I can’t access dyd 🙁
This is so fun. I wish I had the opportunity to decorate my dorm, but I’m living at home so I don’t get the chance. I did redecorate this summer though!
I’m not sure I understand the Feng Shui diagram. Does Feng Shui require the closet be impossible to open? Perhaps that’s just the drawing?
One of the first feng shui rules is that the back of your chair (your back really) should never be turned to the door
My dorm roomie was a genius when it came to arranging our room. Our room was slightly smaller than most, plus we had a futon and roomie was super against bunk beds. My brilliant roomie arranged it so well that people often asked us if our room was bigger than the others in our building. A good arrangement will do that for you!

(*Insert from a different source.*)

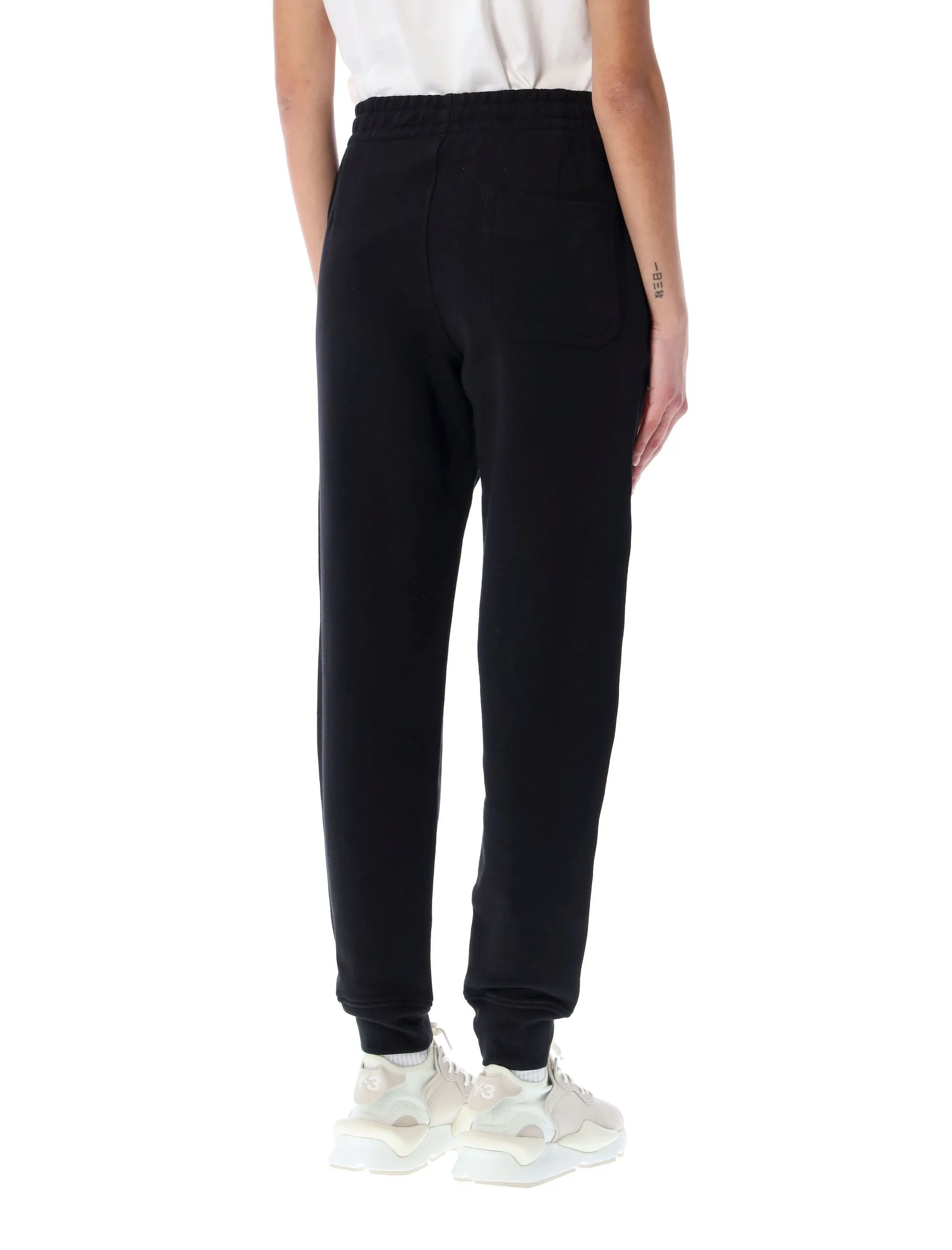 Y-3 Logo Printed Drawstring Jogging Pants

My roommate and I were really lazy. We just left ours as it came since we’d have to move it all back at the end of the year anyway. (Our beds were lofted and our desks were underneath, and the dresser was behind her bed. ) It’s not like we were there all the time, anyway!
Hahaha these would have been great for my dorms but I’m pretty sure all of the furniture fit just about one way and one way only, with the exception of lofted beds or not.

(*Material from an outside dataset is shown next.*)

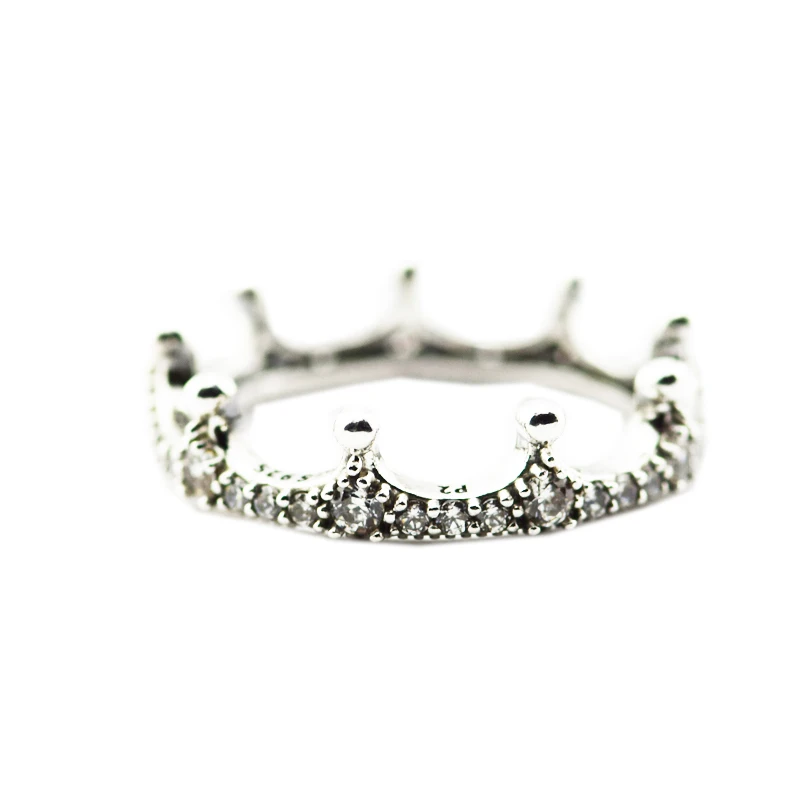 

Ring Enchanted Crown Silver Rings For Women Men Anel Feminino 100% 925 Jewelry Sterling Silver Anillos Wedding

I really liked the layout of these. My roomie and I set up the room where her bed is against the wall under the window. Mine is against the adjacent wall, perpendicular to hers. At the foot of my bed, pushed against my tall footboard and a couple feet from her bed is her desk. My desk sits next to my bed, facing her bed, but not as far forward as hers. This way we both have our own privatish space and when working at our desks we’re staggered and not staring at eachother. I also have a view right out the window from my desk but my bed is closer to the door so there’s a trade off. Unfortunately she has 8 outlets on her side of the room and I have 4, 2 of which are a foot off the ground and hard to get to. Only problems: she walks through my side whenever she leaves and comes in and I have to walk through her side to open the window or change the AC/heat.
i cat wait for collage
Dorkella – Great idea! I think I might, check back over the next few weeks 🙂
I was just wondering if you could do a singles dorm version.

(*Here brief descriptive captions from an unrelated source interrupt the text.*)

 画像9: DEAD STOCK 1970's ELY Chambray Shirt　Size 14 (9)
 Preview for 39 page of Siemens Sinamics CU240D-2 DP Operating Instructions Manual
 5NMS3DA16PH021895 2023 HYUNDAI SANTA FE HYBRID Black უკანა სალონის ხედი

When I was living in a dorm, my roommate and I would re-arrange our furniture practically every month! It was fun to change it up, plus it helped us find a layout that we both really liked. 🙂
This would be so awesome, but the desks and closets in my dorm rooms aren’t move-able. The only things to push around are the beds. =/
Navi – You’re right! I was trying to orient the desk and chair so that they were diagonal (which serves the other purpose of not having all the furniture against the wall), but the program didn’t have that capability.
Jocelyn – Ah, that wasn’t my original intention! I guess I should have made the room dimensions larger 🙂
Wow, I wish I had known about this when I moved into the dorms. I had to switch up everything one weekend when my roommate was gone because we had no idea what to do with her un-lofted un-bunked bed but we needed space. This visualization probably would have helped us when moving in!